> _Available data_:

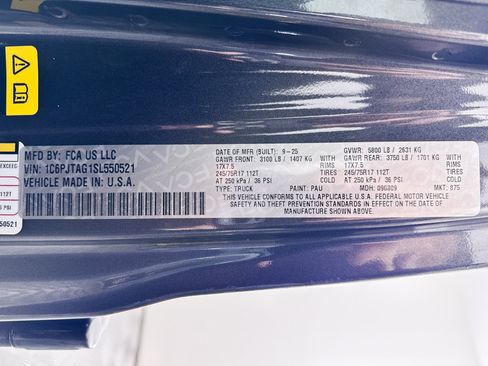 New 2025 Jeep Gladiator Sport image 26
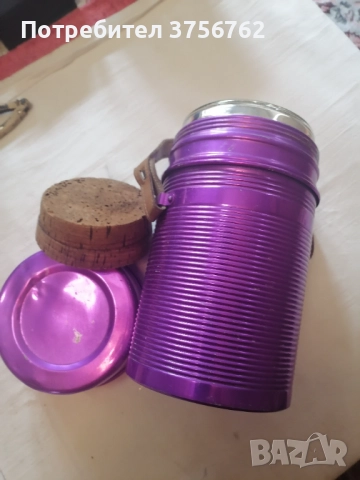 Продавам запазен термос за храна от 60 те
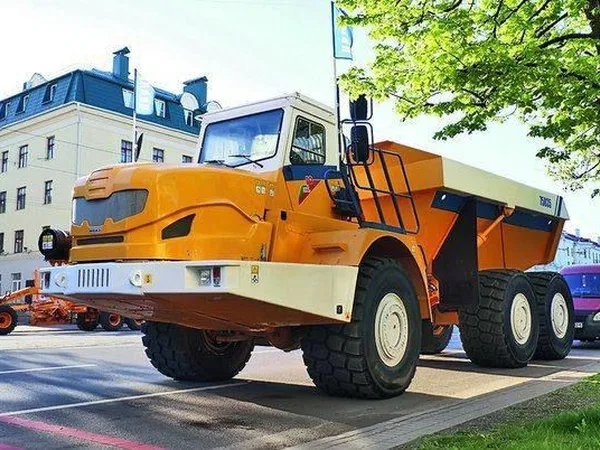 Сочлененный самосвал Белаз 75035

> _Your assignment_:
Everything in the data except the pictures should be restated word for word.

> _Problem solution_:
 New 2025 Jeep Gladiator Sport image 26
 Продавам запазен термос за храна от 60 те
 Сочлененный самосвал Белаз 75035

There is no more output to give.